Ukraines Trainer Rebrov agiert am Seitenrand.

EM-Auftaktspiel gegen Rumänien Ukraine - auf der Suche nach "modernem Fußball"

Stand: 17.06.2024 11:44 Uhr

Der russische Angriffskrieg gegen die Ukraine überdeckt in diesen Tagen den Blick auf den EM-Teilnehmer. Dabei gibt es auch aus sportlicher Sicht einiges zu berichten: zum Beispiel über die Defensivausrichtung und offensive Superstars.

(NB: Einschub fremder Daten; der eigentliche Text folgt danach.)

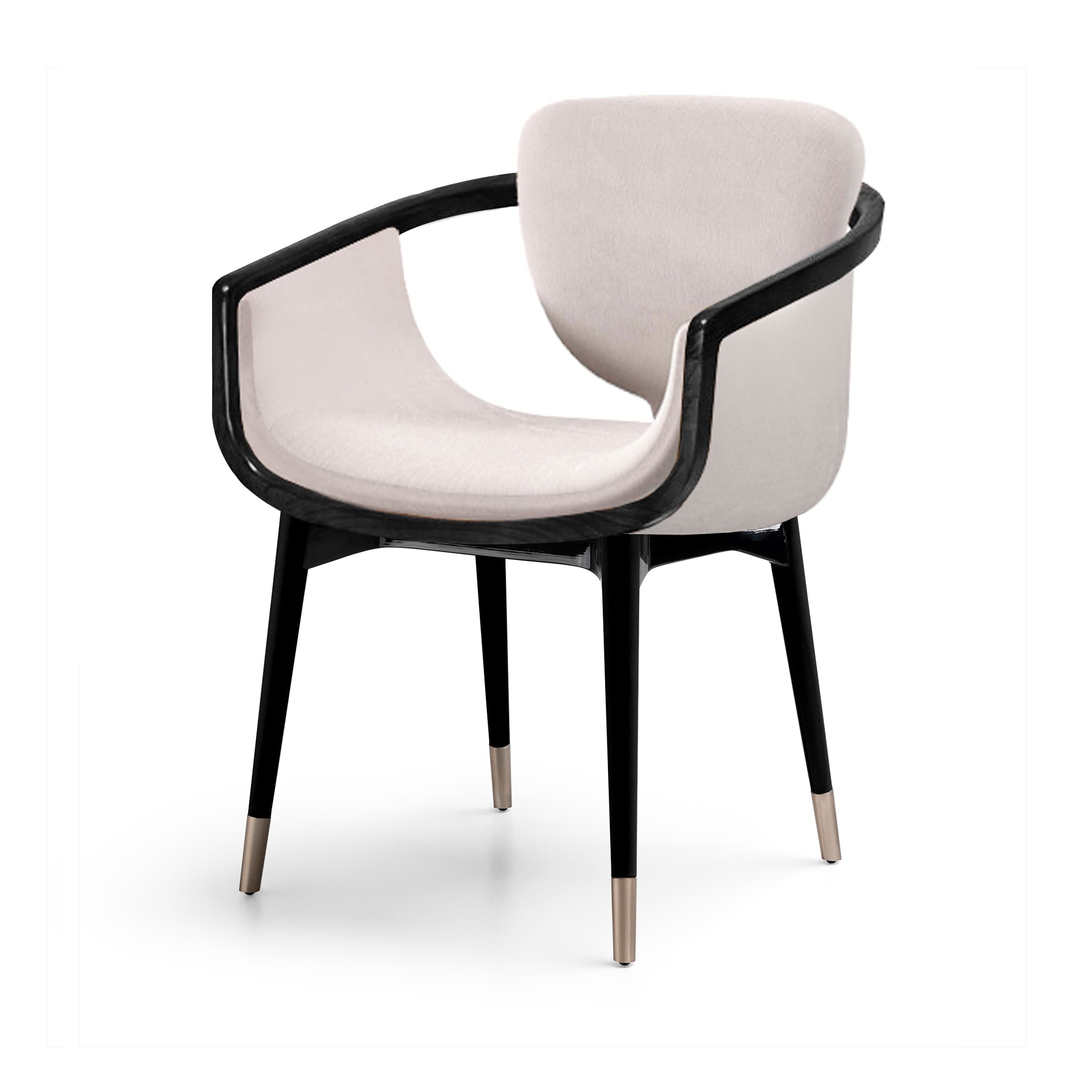 Chair William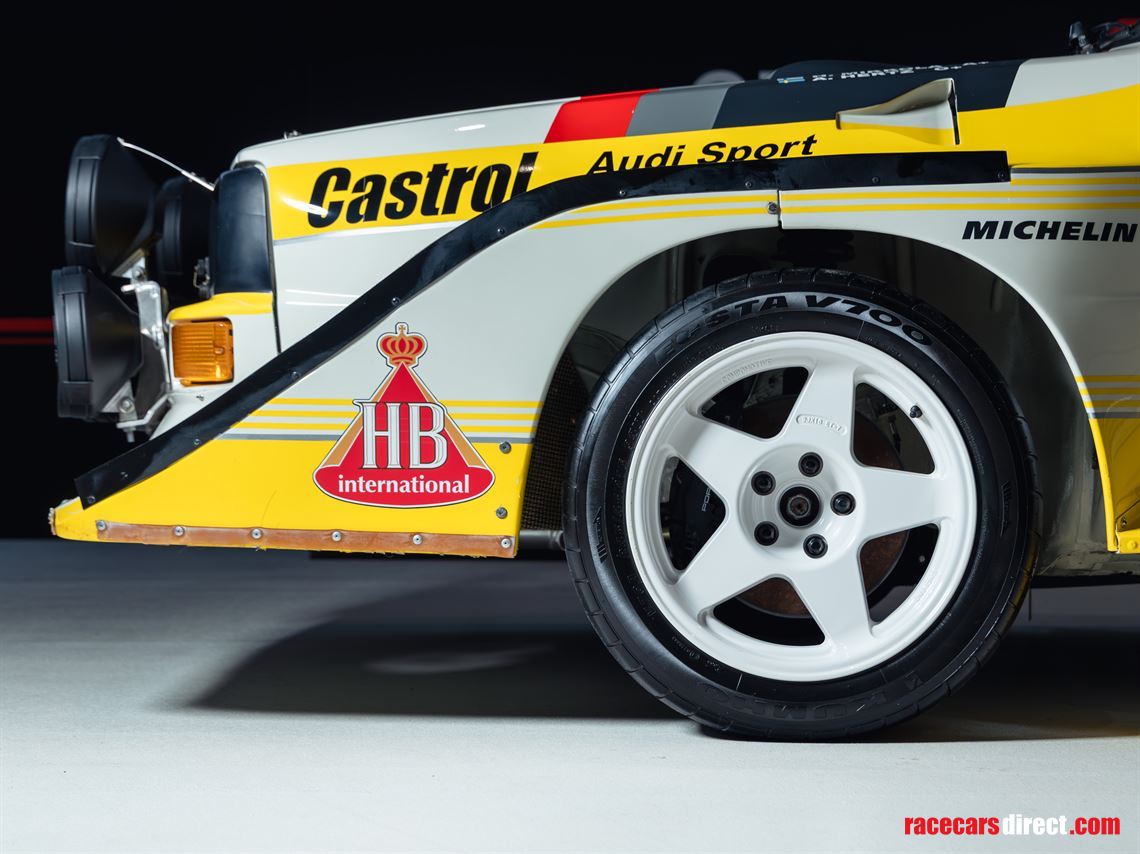 rally-audi-quattro-group-b-s1-e2-tribute-1986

In der Ukraine ist Serhiy Rebrov immer noch Rekordtorschütze. Der heute 50-Jährige traf in 259 Spielen in der höchsten ukrainischen Liga 123 Mal, wurde dabei 1997/1998 Torschützenkönig. Heute ist Rebrov Trainer der Ukraine.

Und kaum etwas weist darauf hin, dass der 75-malige Nationalspieler in seinem ersten Fußballerleben Torjäger war, in 574 Pflichtspielen 205 Tore erzielte und in der Champions League auch gegen Bayern München, Real Madrid oder den FC Barcelona knipste.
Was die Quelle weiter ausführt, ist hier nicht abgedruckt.